I started this project in spring 2021 when we bought a house two miles from Black Rock campground. I'd thought of trying to do something along these lines back in my thru-hiking days. Simple Google searches indicate Yosemite has "more than 750 miles of trail," Yellowstone "more than 900." Someday I thought I'd spend a summer entirely in one of those parks, Memorial Day to Labor Day, hiking every mile of trail. Bear canisters and permits seem like an issue, but a surmountable obstacle. Memorial Day is early, but not too much worse than my 2004 PCT thru-hike when I left Kennedy Meadows Memorial Day weekend. Perhaps it would be much worse in Yellowstone, but it would be nice to get some time in the parks in early June before mosquito season really ramps up in July. 

Cool


Of course I have a real job now so I can't spend the entire summer hiking anymore, and dogs aren't allowed on trails in nearly all National Parks (Shenandoah being a notable exception), so I figured I'd section hike, or "complete-hike" Joshua Tree.

The park claims on its website to have 300 miles of trail, but  only lists 79 miles' worth.  There are about 190 miles of maintained trail according to my copy of the National Geographic Trails Illustrated map, which is my main source of determining what counts as a maintained trail. My main definition is that it's on the map, and depicted as a maintained trail. There are a handful of unmaintained trails/old roads that I'll probably eventually hike too, but not yet. There are also a few short (<0.5 miles) nature trails that I haven't done, and don't really consider worth doing.

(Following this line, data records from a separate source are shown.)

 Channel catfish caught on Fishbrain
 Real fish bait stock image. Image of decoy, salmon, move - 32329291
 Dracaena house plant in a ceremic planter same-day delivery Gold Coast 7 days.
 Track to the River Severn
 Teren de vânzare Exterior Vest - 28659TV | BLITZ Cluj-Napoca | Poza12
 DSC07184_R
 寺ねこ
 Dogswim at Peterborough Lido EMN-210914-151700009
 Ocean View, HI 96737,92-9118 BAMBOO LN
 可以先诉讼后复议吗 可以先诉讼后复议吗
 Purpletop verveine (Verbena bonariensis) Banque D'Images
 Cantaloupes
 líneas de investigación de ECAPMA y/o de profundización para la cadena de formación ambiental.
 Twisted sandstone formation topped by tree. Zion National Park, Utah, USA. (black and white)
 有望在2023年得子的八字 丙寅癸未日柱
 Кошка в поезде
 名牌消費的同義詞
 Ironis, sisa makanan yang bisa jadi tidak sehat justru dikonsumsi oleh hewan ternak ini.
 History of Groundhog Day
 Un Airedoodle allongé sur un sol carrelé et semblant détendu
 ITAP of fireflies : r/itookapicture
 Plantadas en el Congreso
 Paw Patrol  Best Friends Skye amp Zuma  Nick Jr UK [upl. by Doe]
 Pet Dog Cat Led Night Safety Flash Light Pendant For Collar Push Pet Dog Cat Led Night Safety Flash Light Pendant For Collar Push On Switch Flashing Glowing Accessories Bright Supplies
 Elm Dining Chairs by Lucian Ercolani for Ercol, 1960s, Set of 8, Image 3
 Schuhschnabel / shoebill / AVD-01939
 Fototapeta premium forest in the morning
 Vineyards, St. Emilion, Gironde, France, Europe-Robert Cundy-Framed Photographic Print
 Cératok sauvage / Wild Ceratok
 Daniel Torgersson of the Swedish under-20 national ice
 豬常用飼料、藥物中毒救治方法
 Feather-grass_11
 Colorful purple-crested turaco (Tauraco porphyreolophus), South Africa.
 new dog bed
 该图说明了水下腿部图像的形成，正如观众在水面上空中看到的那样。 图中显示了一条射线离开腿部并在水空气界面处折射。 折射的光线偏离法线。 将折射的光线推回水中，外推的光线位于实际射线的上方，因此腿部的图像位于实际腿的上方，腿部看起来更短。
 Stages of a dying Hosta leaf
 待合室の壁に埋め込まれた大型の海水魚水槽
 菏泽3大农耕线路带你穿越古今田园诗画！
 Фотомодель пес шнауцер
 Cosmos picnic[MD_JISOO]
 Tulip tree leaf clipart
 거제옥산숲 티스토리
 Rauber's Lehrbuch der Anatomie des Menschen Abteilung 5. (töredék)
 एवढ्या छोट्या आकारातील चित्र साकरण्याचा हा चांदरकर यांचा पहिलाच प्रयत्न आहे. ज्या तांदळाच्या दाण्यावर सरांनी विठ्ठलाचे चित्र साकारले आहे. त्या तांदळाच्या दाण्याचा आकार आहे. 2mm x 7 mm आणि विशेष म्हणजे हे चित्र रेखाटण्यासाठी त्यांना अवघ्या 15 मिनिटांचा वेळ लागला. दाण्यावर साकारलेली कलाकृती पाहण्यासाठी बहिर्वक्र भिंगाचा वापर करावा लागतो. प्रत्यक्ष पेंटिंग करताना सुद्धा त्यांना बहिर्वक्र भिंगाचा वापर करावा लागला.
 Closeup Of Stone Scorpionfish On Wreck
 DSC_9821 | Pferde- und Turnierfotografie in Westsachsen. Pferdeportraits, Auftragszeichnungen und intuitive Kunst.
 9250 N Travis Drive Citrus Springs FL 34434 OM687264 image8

So I've done every maintained trail longer than half a mile long. There are also some unmaintained routes that are some times old abandoned roads: Pushawalla Canyon, Berdoo Thermal Canyon, Fried Liver Wash, and Big Wash.

If I were doing this in Death Valley or Mojave Preserve, I would obviously be using Michel Digonnet's excellent guidebooks. However, the best guidebook to Joshua Tree is ---holy shit! I just looked on Amazon and Digonnet has a Joshua Tree guidebook coming out in May! At 480 pages, it looks to be full of amazing detail like his others. Until May, the best guidebook is Patty Furbush's On Foot in Joshua Tree National Park, which is decent but only 180 pages.

How many miles did it take? A more relevant answer is that it took me about two years of living near the park. I'm no graph theory mathematician, but I'd guess I did at least twice the mileage due to out and back or repetition of individual segments. There are two or three areas with a decent amount of loops and crossing trails (Black Rock campground, the Maze/Window Loop, and Quail Springs), and one trail across northern portion of the park (California Riding and Hiking Trail, 37 miles). 

The CRHT is the longest run I ever did in the park. Other days I'd do about 20 miles, sometimes with Amy dropping me off in the park, and I'd get a few miles of new trail, then run to Black Rock via the Bigfoot Trail, then home. Other days I'd do short loops in the park after work. I used Strava's heatmap functionality to track where I had and hadn't been. Basically, if anyone has done it on Strava, I've done it (or it's a road).




Some of my favorite trails are:

  • Panorama Loop and Warren Peak, which are about a 9 mile loop from Black Rock campground. I've done numerous off-trail climbs and descents of Warren Peak on foot from the house, and adding the Panorama Loop gets you one enormous Joshua Tree and some nice views down toward the Coachella Valley.
    Rattler on Warren Summit




  • Maze Loop and North View Trail. The parking lot is a glorified dirt pullout that can hold four cars, but at least Google knows where it is, and the trails are relatively well-marked. Nice running among boulders once you get away from the park road.
  • Nolina on Nolina Peak
  • Nolina Peak: a 3.7 mile roundtrip on a dirt road. It's just my favorite steep runnable hill around here, with good sunsets and views of Yucca Valley. Since it's a road, the dogs are allowed.  It's also one of the first parcels Mojave Desert Land Trust (where Amy used to work) conveyed to the Park.
  • Lost Palms Oasis Trail. 7+ miles roundtrip. The furthest south trail of any consequence in the park. You get a completely different set of plants: ocotillo rather than Joshua trees, and the palm oasis is impressive--running water in the desert.  

Big Ocotillo

Running Water

Would I recommend it? Not as a thru-hike, since it's very circuitous and repetitive, and there is essentially no water in the park. As pictured above, there of course is a tiny bit, but humans are not allowed to drink it, because it's essential for the survival of wildlife. If someone wanted to spend a few weeks (with a car) camping in and around the park, then sure, I think it's a worthy goal. Now that I've done it, it seems silly and arbitrary, and I would much prefer getting off trail into the small canyons or on top of some peaks. Speaking of which, I'm headed to Smith Water Canyon right now.